With leg exercises being the most confusing when it comes to these types of categorisations, are deadlifts push or pull exercises? Deadlifts usually fall under the “pull” category due to the main movement involving lifting the bar off the ground.


Are abs push or pull? Abs also offer a confusing dilemma when determining “push” or “pull” categorisation. In fact, most people don’t bother type-casting them at all. Instead, abs are usually a workout added onto other workouts, such as at the end of a leg day.

Get Started on Your Squat Journey With Our Squat Series on YouTube, Where You’ll Also Find Many More Useful Fitness Videos!

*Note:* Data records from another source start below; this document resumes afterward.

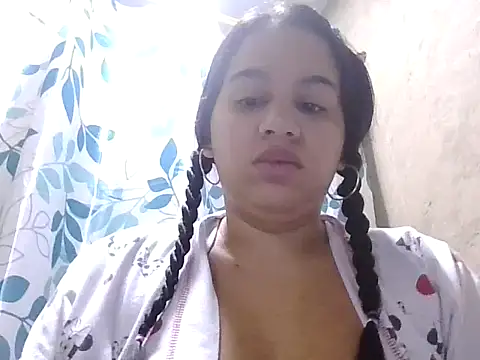 tifanny27 online show from May 28, 2026, 1:06 pm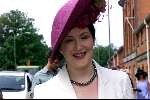 Ascot ( Engeland ) 17 juni 1999
Hoeden...hoeden  en nog meer hoeden op de LADY'S-day tijdens de Ascot paardenraces
Restaurant en terrasjes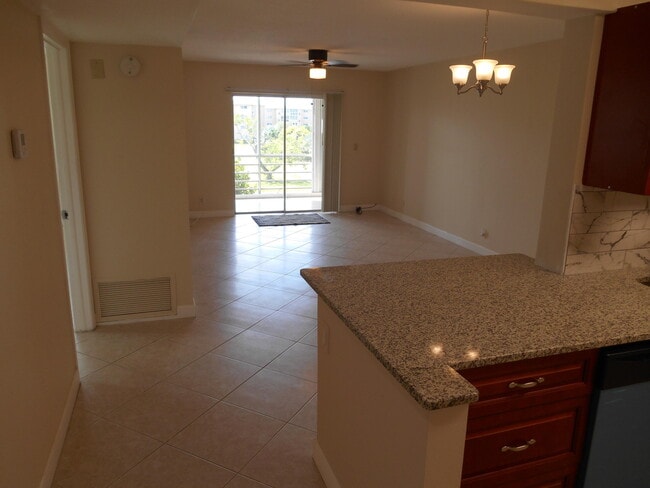 Building Photo - 2615 NE 1st Ct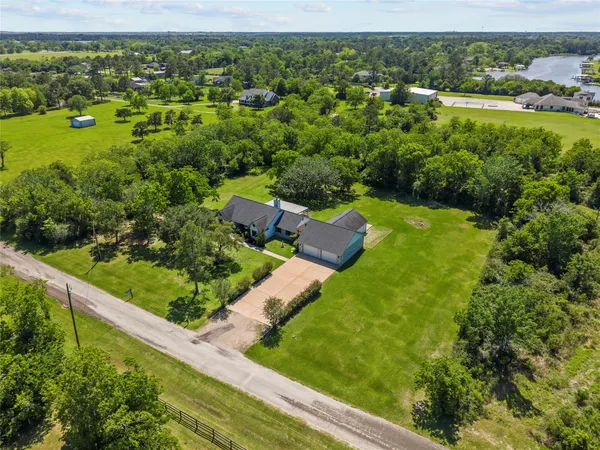 $499,999 | 5018 Starboard Lane, Dickinson, TX 77539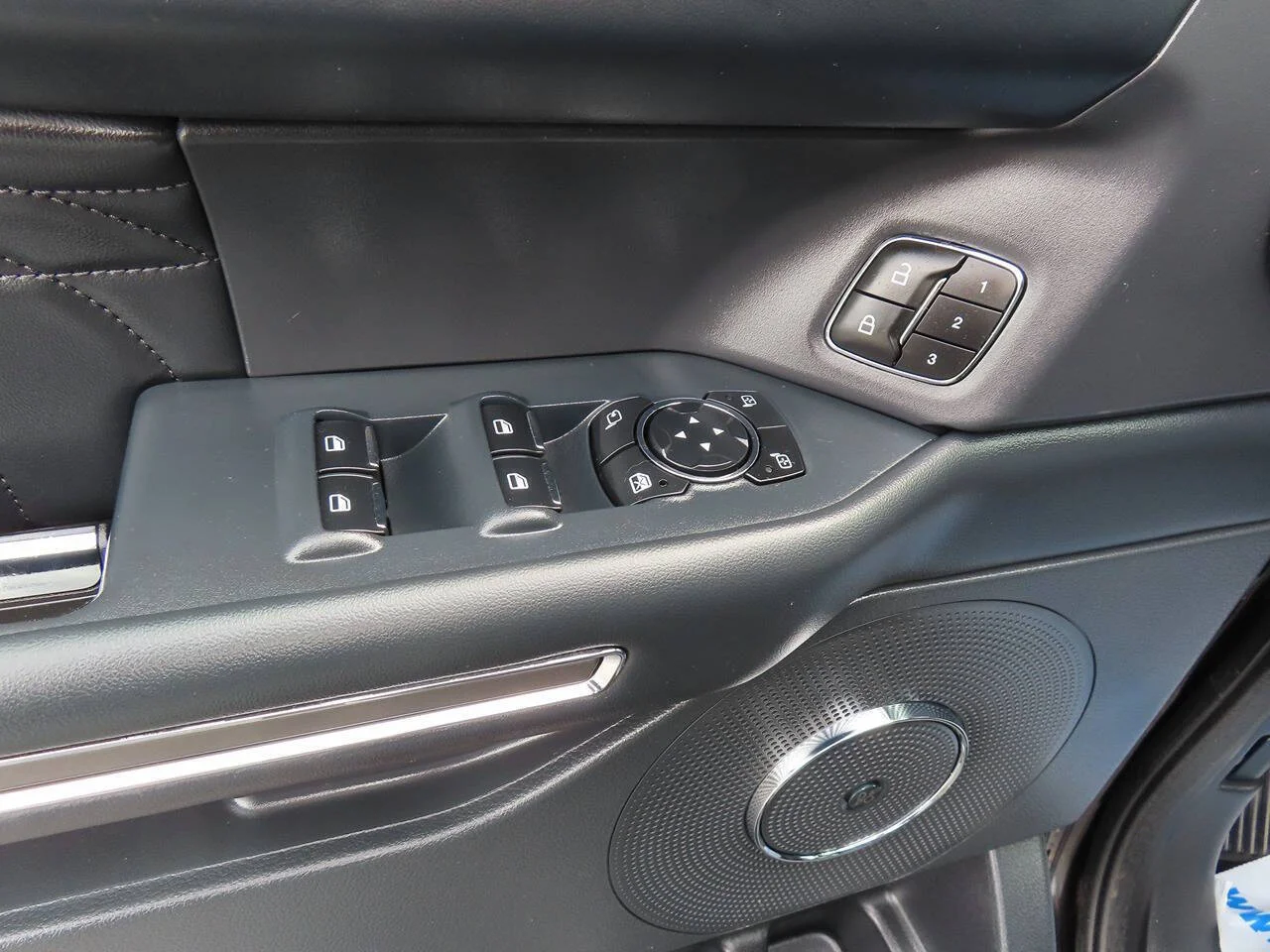 Used 2023 Agate Black Ford Platinum 4x4 4dr SUV image 14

Examples Of Push vs Pull Exercises and Workouts

With the big muscle groups out of the way, let’s quickly look at what exercises fall under where. 

Push Day Exercises:

  • Bench press
  • Push-ups
  • Chest flys
  • Chest dips
  • Overhead press
  • Lateral raise
  • Front raise
  • Military press
  • Upright row
  • Shrugs
  • Tricep dips
  • Tricep push-ups
  • Skull crushers
  • Tricep push-backs

Pull Day Exercises:

  • Pull-ups
  • Lat pull-downs
  • Bent-over rows
  • Seated rows
  • Face pulls
  • Curls

How Many Pull and Push Exercises Should You Do? 

It’s important to keep in mind that both may need adjustments or modifications depending on individual skill levels. However, typically, the recommendation is to focus on four to six main exercises, performing at least two to five sets.

Embrace Push and Pull Day Workouts with Aura Leisure

When planning your workout, make sure to plan for ab, leg, push, and pull exercises. A balanced workout routine targets the entire body, ensuring imbalances and injuries don’t occur.